Data Sources and Sinks

Data Sources¤

node source

The DataSource models facilitate loading data into a dataframe. It provides reusable mechanisms for reading data of various nature given different configuration and various execution contexts.

It is generally used as a component of a pipeline node. In this context, the sink may be used to store the output of the node or some quarantined data if expectations are set and not met.

File Data Source¤

API Documentation

laktory.models.FileDataSource

File data source supports reading files stored on disk.

import laktory as lk

source = lk.models.FileDataSource(
    path="/Volumes/sources/landing/events/yahoo-finance/stock_prices/",
    format="JSON",
    as_stream=False,
    dataframe_backend="PYSPARK"
)
df = source.read()

Reading the same dataset, but as a spark streaming source, is as easy as changing as_stream to True.

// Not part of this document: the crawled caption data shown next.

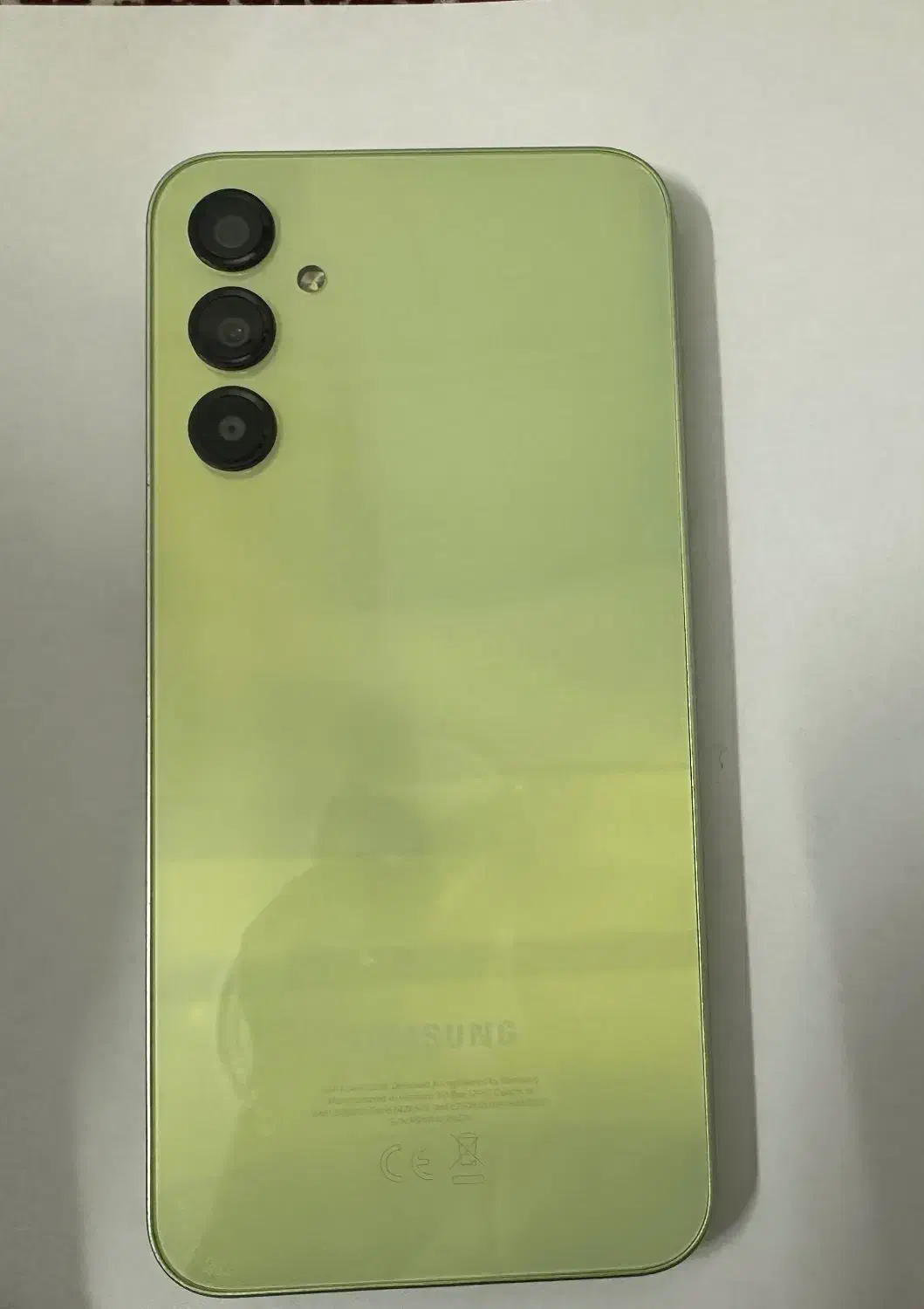 سامسونگ A24|موبایل|رشت, لاکان|دیوار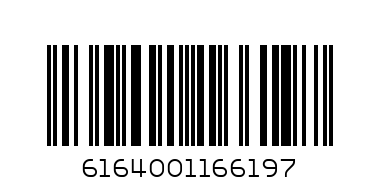 Kinangop yoghurt vanilla 250ml - Barcode: 6164001166197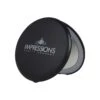 Infinity LED Compact Mirror 2 Infinity LED Compact Mirror -Impressionsvanity Infinity Black 1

from laktory import models

source = models.FileDataSource(
    path="/Volumes/sources/landing/events/yahoo-finance/stock_price",
    format="JSON",
    as_stream=True,
    dataframe_backend="PYSPARK"
)
df_stream = source.read()

You can also select a different DataFrame backend for reading your files

import laktory as lk

source = lk.models.FileDataSource(
    path="/Volumes/sources/landing/events/yahoo-finance/stock_prices.parquet",
    format="PARQUET",
    dataframe_backend="POLARS"
)
df = source.read()

Table Data Source¤

API Documentation

laktory.models.HiveMetastoreDataSource
laktory.models.UnityCatalogDataSource

When your data is already loaded into data table, you can use the UnityCatalogDataSource or HiveMetastoreDataSource models instead

import laktory as lk

source = lk.models.UnityCatalogDataSource(
    table_name="brz_stock_prices",
    selects=["symbol", "open", "close"],
    filter="symbol='AAPL'",
    as_stream=True,
)
df = source.read()

In this case

the selects argument is used to select only symbol, open and close columns
the filter argument is used to select only rows associated with Apple stock.

More data sources (like Kafka / Event Hub / Kinesis streams) will be supported in the future.

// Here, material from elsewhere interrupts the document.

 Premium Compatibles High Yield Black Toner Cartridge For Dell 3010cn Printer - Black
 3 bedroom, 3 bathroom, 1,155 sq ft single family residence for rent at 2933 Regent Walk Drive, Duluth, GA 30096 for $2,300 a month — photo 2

Pipeline Node Data Source¤

API Documentation

laktory.models.PipelineNodeDataSource

To establish a relationship between two nodes in a data pipeline, the PipelineNodeDataSource must be used. Assuming each node is a vertex in a directed acyclic graph (DAG), using a PipelineNodeDataSource creates an edge between two vertices. It also defines the execution order of the nodes.

import laktory as lk

source = lk.models.PipelineNodeDataSource(
    node_name="brz_stock_prices",
    as_stream=True,
)

This type of data source adapts to its execution context.

Single Worker Execution: The source uses the in-memory output dataframe from the upstream node.
Multi-Workers Execution: The source uses the upstream node sink as a source for read the dataframe.
DLT Execution: The source uses dlt.read() and dlt,read_stream() to read data from the upstream node.

Data Sinks¤

API Documentation

laktory.models.FileDataSink
laktory.models.UnityCatalogDataSink

node sink

Analogously to DataSource, DataSink models facilitate writing a dataframe into a target location. It provides re-usable mechanisms for writing data in various formats, adapting to different execution contexts.

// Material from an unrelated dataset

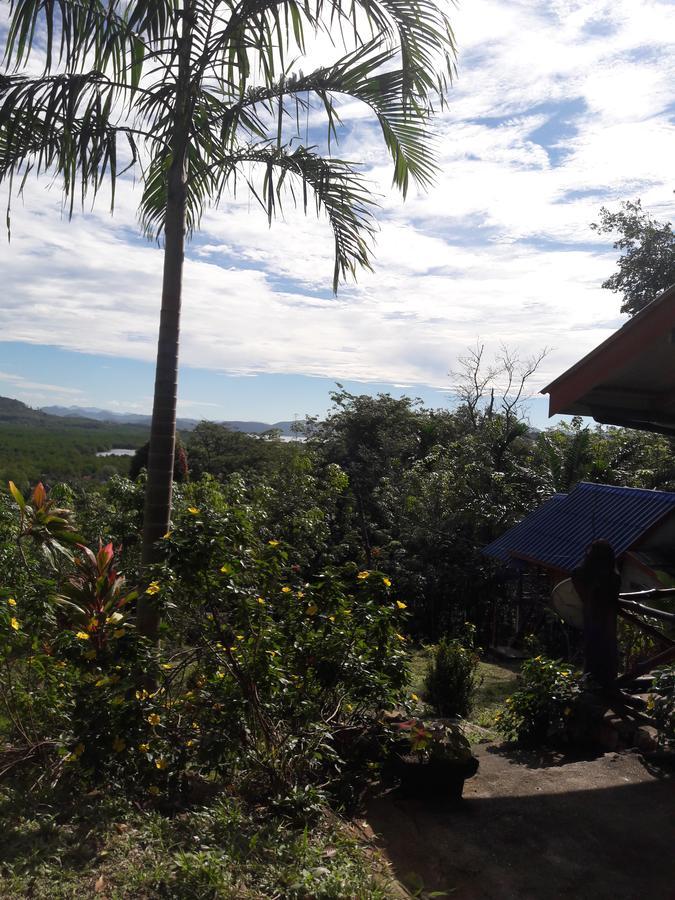 Good Morning Bungalow Koh Jum Exterior foto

It is generally used as a component of a pipeline node.

Data sinks also support the merge of a Change Data Capture (CDC).

File Data Sink¤

API Documentation

laktory.models.FileDataSink

File data sink supports writing a dataframe as files to a disk location using a variety of storage format. For streaming dataframes, you also need to specify a checkpoint location.

import narwhals as nw
import polars as pl

import laktory as lk

df = nw.from_native(
    pl.DataFrame({"symbol": ["AAPL", "GOOGL"]})
)

sink = lk.models.FileDataSink(
    path="/Volumes/sources/landing/events/yahoo-finance/stock_price.parquet",
    format="PARQUET",
    mode="OVERWRITE",
)
sink.write(df)

Table Data Sink¤

API Documentation

laktory.models.UnityCatalogDataSink
laktory.models.HiveMetastoreDataSink

The UnityCatlaogDataSink and HiveMetastoreDataSink classes provide a convenient way to write a DataFrame to a data table. It simplifies the process of persisting data in a structured format, supporting both physical tables and SQL views.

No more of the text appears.